Wednesday, December 1, 2010

plangent


\PLAN-junt\

adjective

1 : having a loud reverberating sound
2 : having an expressive and especially plaintive quality

Five things described as PLANGENT in the recent news:

1) The "call" of a turkey sandwich during this season (as in, turkey season) (LA Weekly)
2) Simon Currie's (of the band "Man Gone Missing) "upper-register crooning" (Scotsman)
3) The "colors of plastic and metal" as compared to earthly colors, in a film called "Red Desert" (Bloomberg)
4) The office of the "Lost Property Depot" in Queen Street Station, somewhere in Scotland (Scotsman)
5) A "suicide fantasy"—strange wording describing a song on Kanye West's newest album release (The Sydney Morning Herald)
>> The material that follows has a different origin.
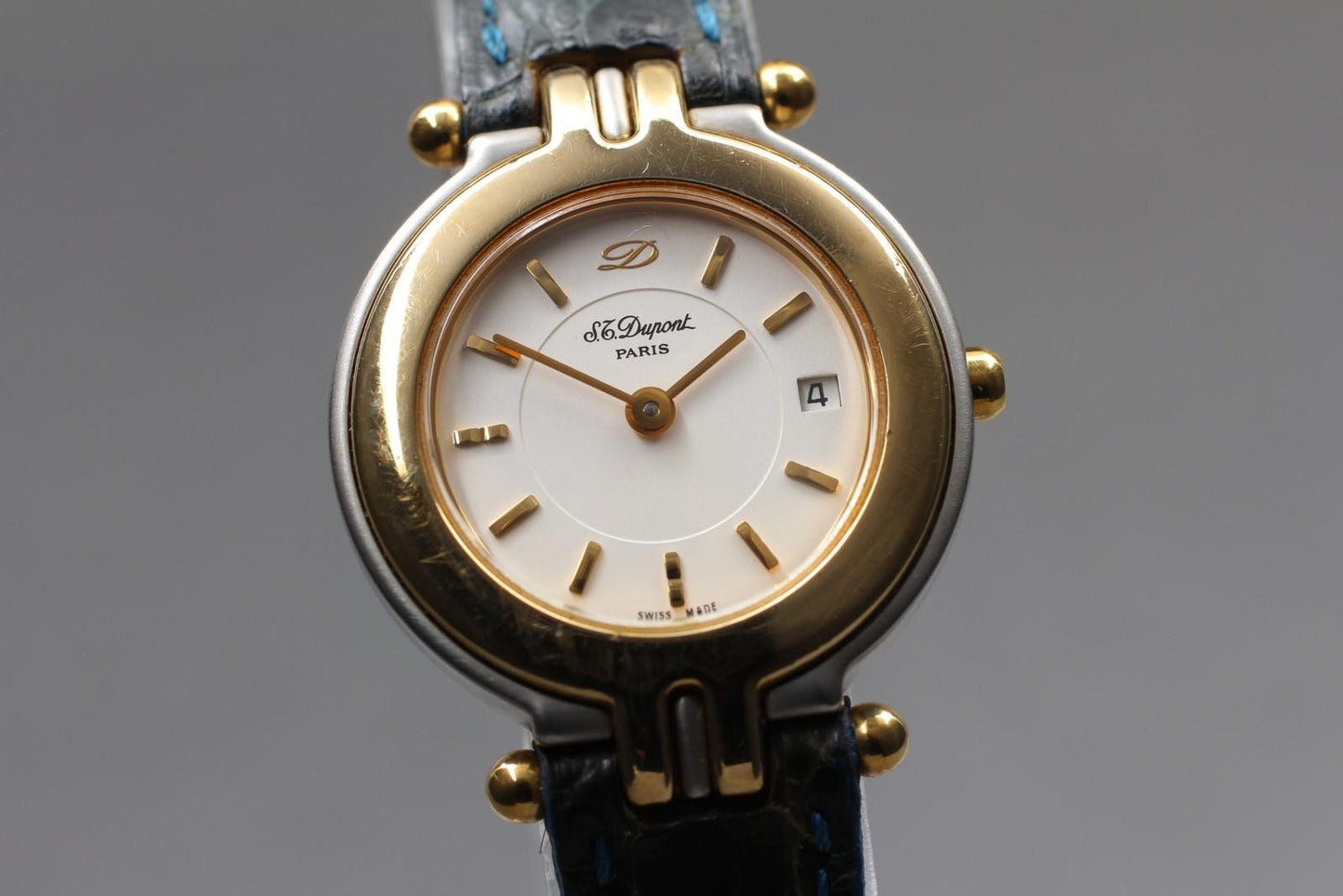 Near MINT w/ New Battery* S.T.Dupont 194.21 Gold 26mm Quartz Ladies Watch JAPAN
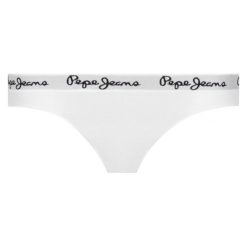 Figi klasyczne Pepe Jeans Dixie PLU10107. Białe figi damskie Pepe Jeans, m, bez wzorów, z elastanu. W wyprzedaży za 49,00 zł.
I find it interesting that one of the above is not a sound but a color, while another is the metaphorical calling of a turkey sandwich. It's also fascinating that two of the five came from the same publication in Scotland (different writers). Do the Scots use the word PLANGENT with more frequency? Are sounds more PLANGENT in Scotland?

Nothing on the WORLD WIDE WEB explicitly links Scotland and PLANGENT sounds. I've never been to Scotland, so I'm hardly any help. My first thoughts: bagpipes—PLANGENT?
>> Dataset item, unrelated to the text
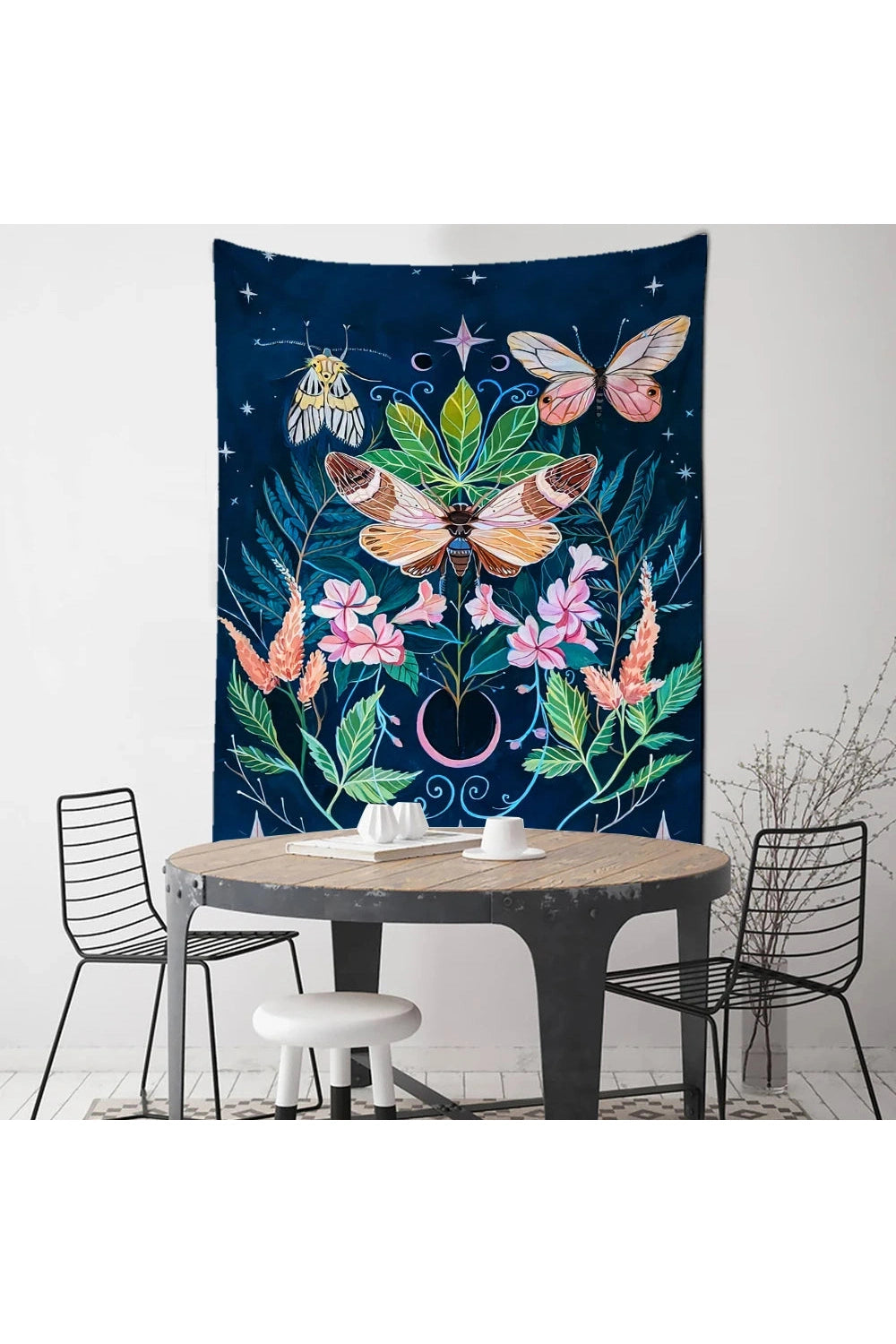 Psychedelic Tapestry Flower Wall Decor Hanging Room Starry Sky Carpet Moon Tapestries Art Home Decoration Accessories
On St. Patrick's day, Race Brook Elementary School solicited bagpipe players to attend our afternoon holiday assembly and play for a gymnasium packed full of green-clad students. To me, this was men in skirts with absurdly hairy legs. I didn't appreciate the tradition, nor did I try to. And I wouldn't eat green bagels either. I was a horribly cynical child, unwilling to let anything make me happy. But that is beside the point. The point here is whether or not bagpipes produce PLANGENT sounds. I would say the sounds are reverberating, although not quite plaintive. I would go as far as reaching back to yesterday's word and calling the pipes CACOPHONOUS.

Perhaps we could breed the two: cacogent? plaphony? It's a thought.